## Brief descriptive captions
------------------------
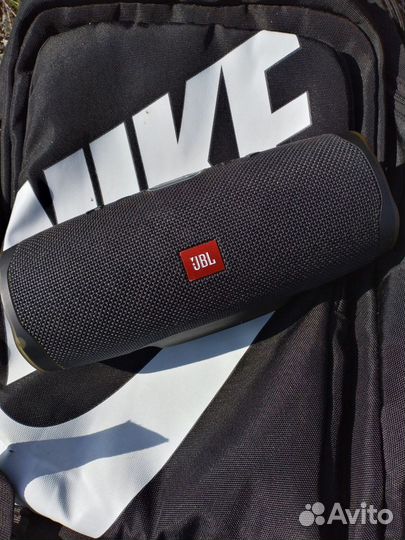 Колонка jbl charge 4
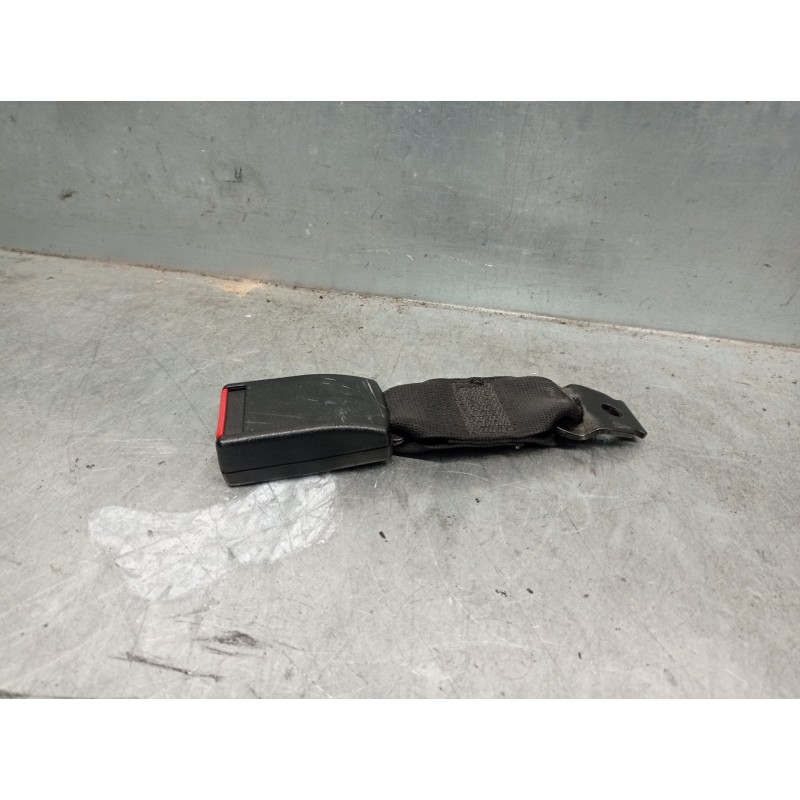 Recambio de enganche cinturon para opel zafira a 2.0 dti referencia OEM IAM 33003235D  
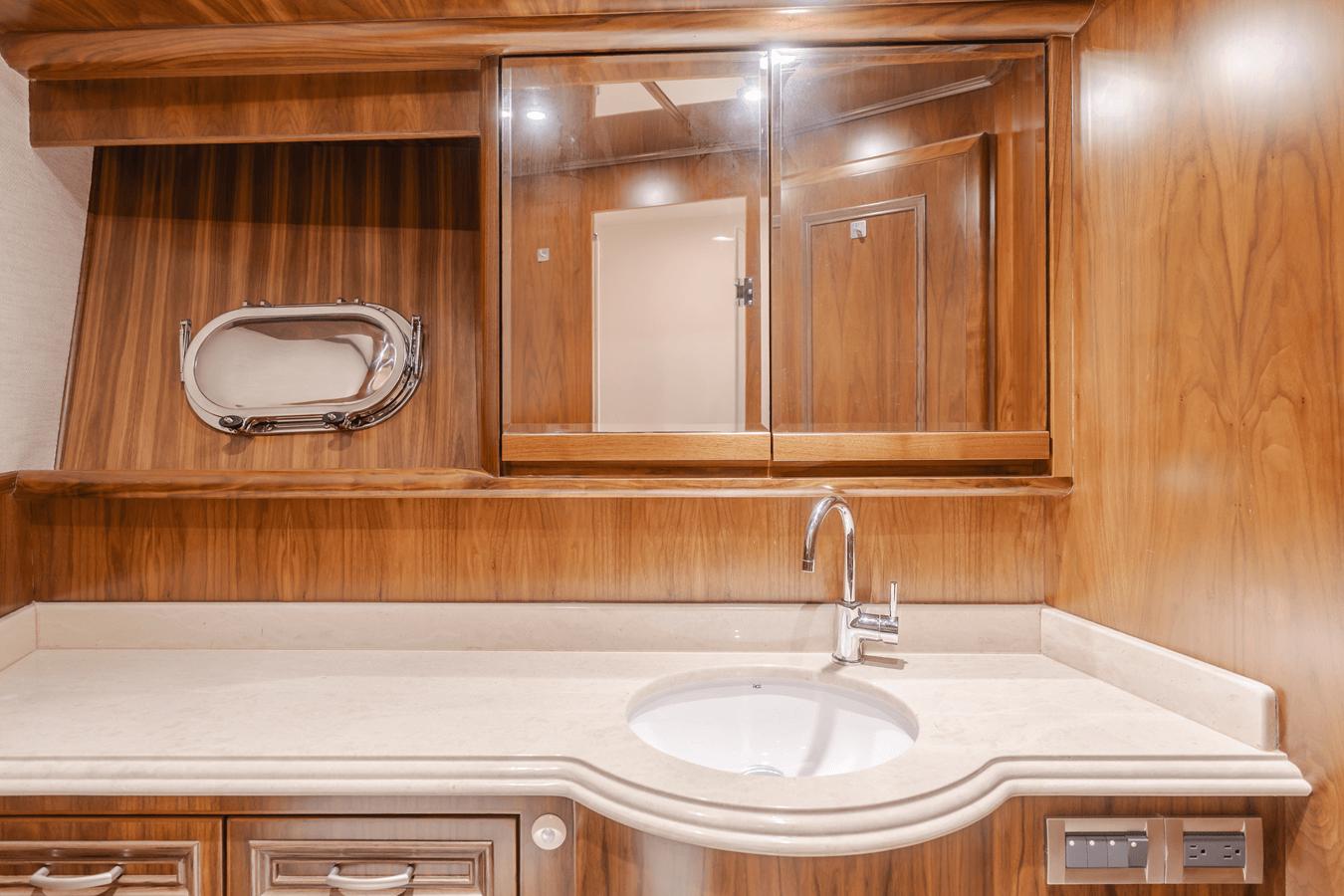 White Lotus - PRESIDENT YACHTS yacht sale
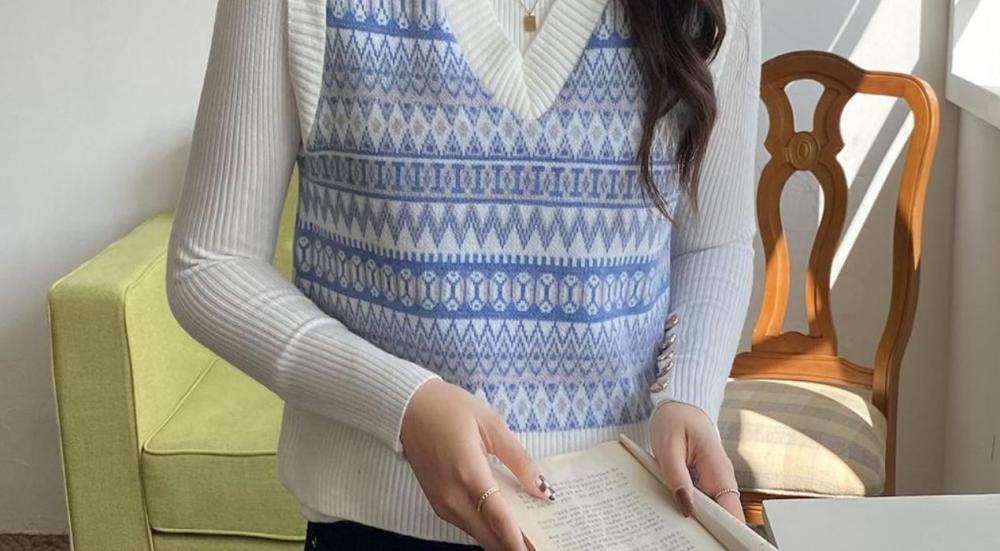 سويتر نسائي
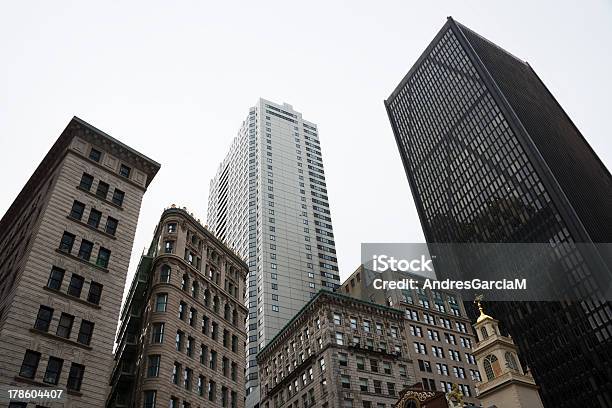 Photo libre de droit de Immeubles De Bureaux Et De Léglise Dans Le Centreville De Boston banque d'images et plus d'images libres de droit de Boston - Massachusetts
------------------------
## REQUIREMENT
Could you reproduce every record above exactly, leaving out any pictures?

## REPLY
 Колонка jbl charge 4
 Recambio de enganche cinturon para opel zafira a 2.0 dti referencia OEM IAM 33003235D  
 White Lotus - PRESIDENT YACHTS yacht sale
 سويتر نسائي
 Photo libre de droit de Immeubles De Bureaux Et De Léglise Dans Le Centreville De Boston banque d'images et plus d'images libres de droit de Boston - Massachusetts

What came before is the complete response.